Refuting conservatives’ War on Moms (war on social reproduction):

“According to a 1995 U.N. Human Development Report, ‘If more human activities were treated as market transactions at the prevailing wages, they would yield huge monetary valuations–a staggering $16 trillion… Of this $16 trillion, $11 trillion is the non-monetized, ‘invisible’ contribution of women.’ The work of moms–both of moms who are in the labor force and those who are not–is significant

…with equal resumes and job experiences, mothers (today are) offered $11,000 lower starting salaries than non-mothers (Fathers, on the other hand, (are) offered $6,000 more in starting salaries than non-fathers). Since over 80 percent of women in our nation have children by the time they’re 44 years old, this means the majority of women in our nation are disadvantaged by discrimination at some point in their lives…(W)ith the cost of raising children so high, three-quarters of moms are now in the labor force. And many moms go in and out of the labor force at different times in their lives, sequencing their careers, thus making the distinction between moms who are in the labor force, and moms who are outside of the labor force nearly irrelevant. Many moms have been both”
(K. Rowe Finkbeiner, April 2012).

Finkbeiner points out that 50% of the workforce is now female (Coincidentally, 50% of the population is female.), in major part because the economy has been structured, via the asset-price / cost of living increases and consumer debt that capital depends on, to induce all adults to work to live within the constraints of capitalism. No, it’s not the abject slavery of having no access to money within capitalism (the classic middleclass dependent housewife fate); but (with all due respect to Gertrude,) coercion is coercion is unfreedom is vulnerable to exploitative manipulation by despots.

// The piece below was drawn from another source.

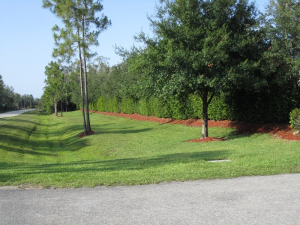commercial mulch landscaping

“But the brouhaha over Hilary Rosen’s injudicious remarks is not really about whether what stay-home mothers do is work. Because we know the answer to that: it depends. When performed by married women in their own homes, domestic labor is work—difficult, sacred, noble work. Ann says Mitt called it more important work than his own, which does make you wonder why he didn’t stay home with the boys himself. 

When performed for pay, however, this supremely important, difficult job becomes low-wage labor that almost anyone can do—teenagers, elderly women, even despised illegal immigrants. 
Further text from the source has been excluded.